Conclusions and future work
This work introduced a new typology for diagnosing depression severities from social media texts, as well as a unique dataset of labeled tweets with a confidence score for each label. The dataset was constructed based on strong ground truths and clinical validation, and it is expected to help alleviate the scarcity of mental health data to some extent. The description of the process and challenges in creating such a dataset may motivate researchers to collect similar corpora of this scale from other social media and discussion forums.
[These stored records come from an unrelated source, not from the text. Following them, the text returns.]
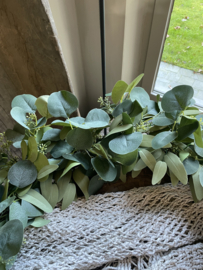 Eucalyptus krans XXL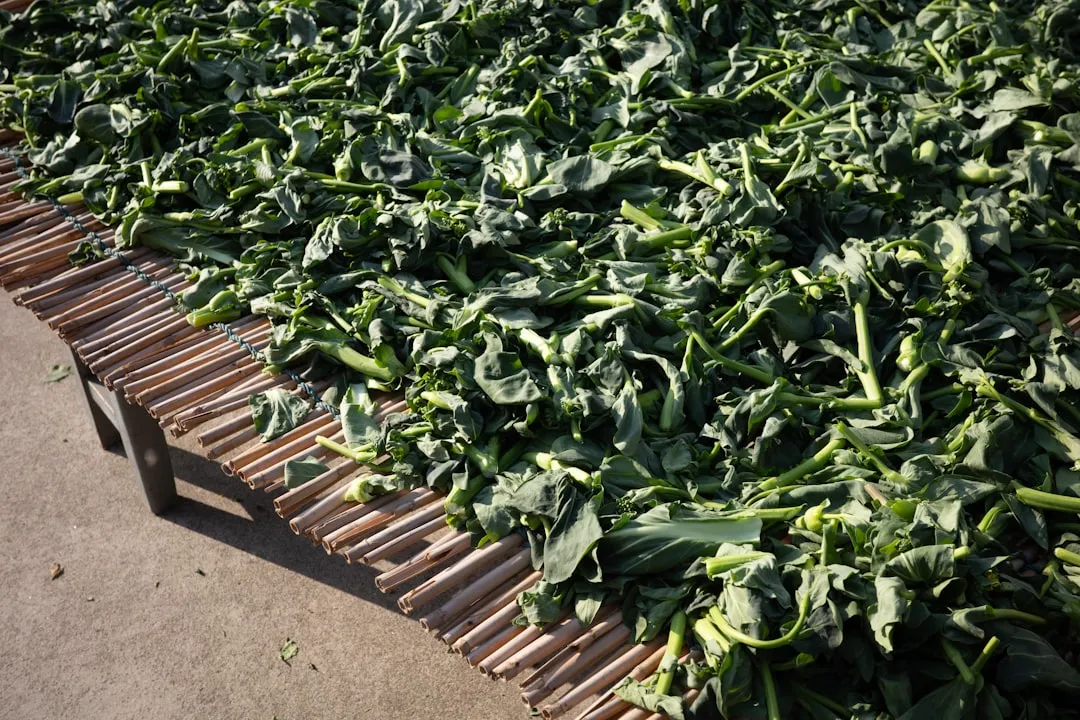 2. Kale: The Workhorse That Never Stops (Image Credits: Unsplash)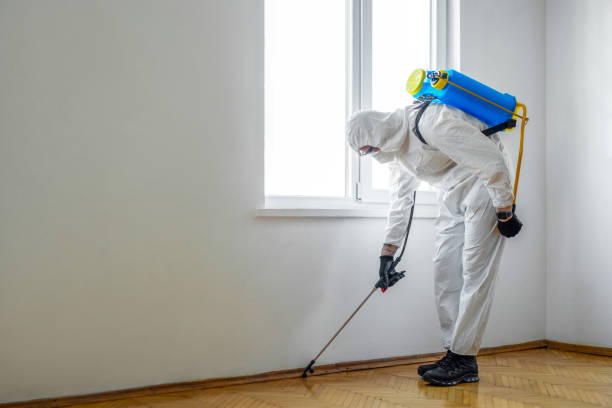 Best Pest Inspection Near Me  in Dickinson, ND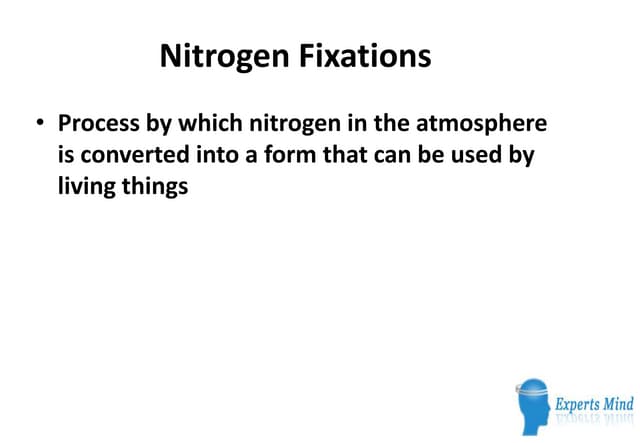 Nitrogen fixations 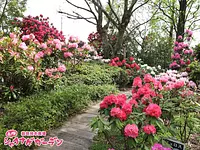 Jardín de rododendros de Akatsuka (Jardín botánico de Akatsuka)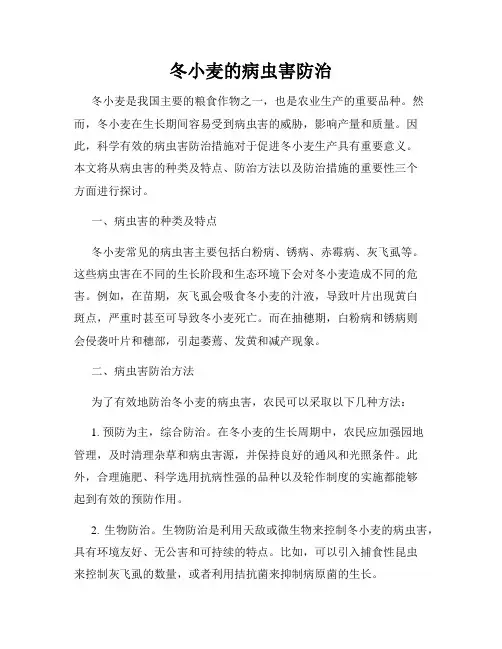冬小麦的病虫害防治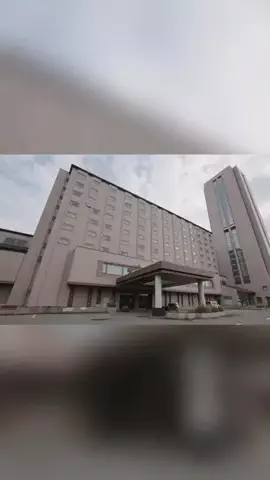 ハムチーズのTikTok投稿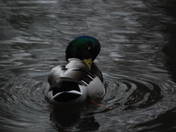 mallard 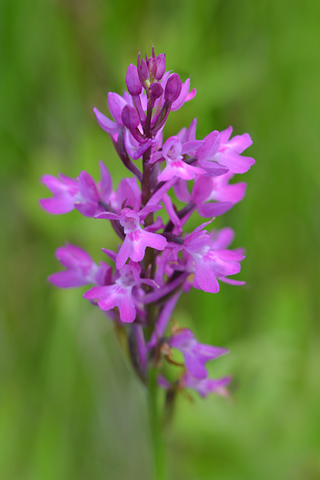 Anacamptis palustris x pyramidalis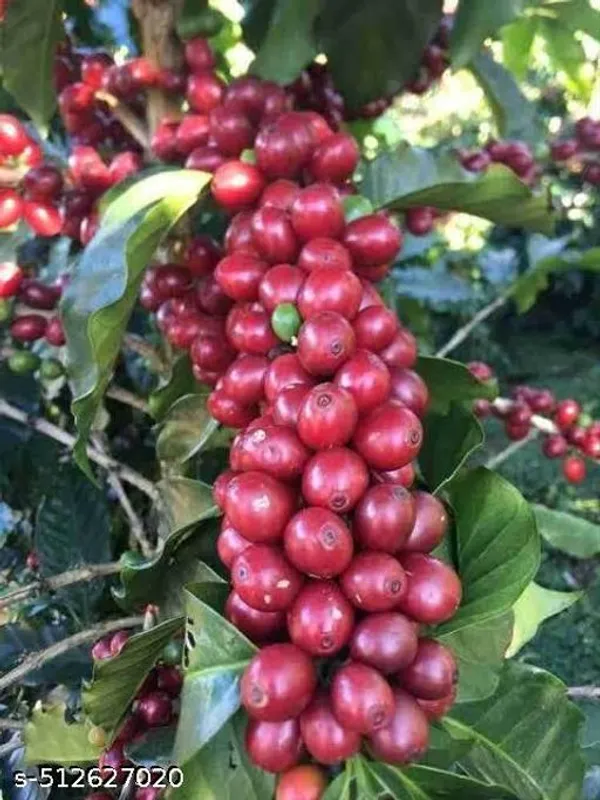 Hybrid_Coffee_Plant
The experimental results indicated that existing state-of-the-art models often fail to understand the contextual undertone of the data samples. Developing a model that is capable of comprehending the subdued relationship and differences among depression severities can result in an even better understanding of human cognition. Moreover, analysis of the classification performance indicates that there is no distinct division of keywords among different depression severities. The same keyword might be used differently to express different emotions, rather it is more important to understand the context of the tweet to diagnose the severity of depression. Broader implications of this research may include personalizing and directing preventative and awareness messages by health professionals to the users in need.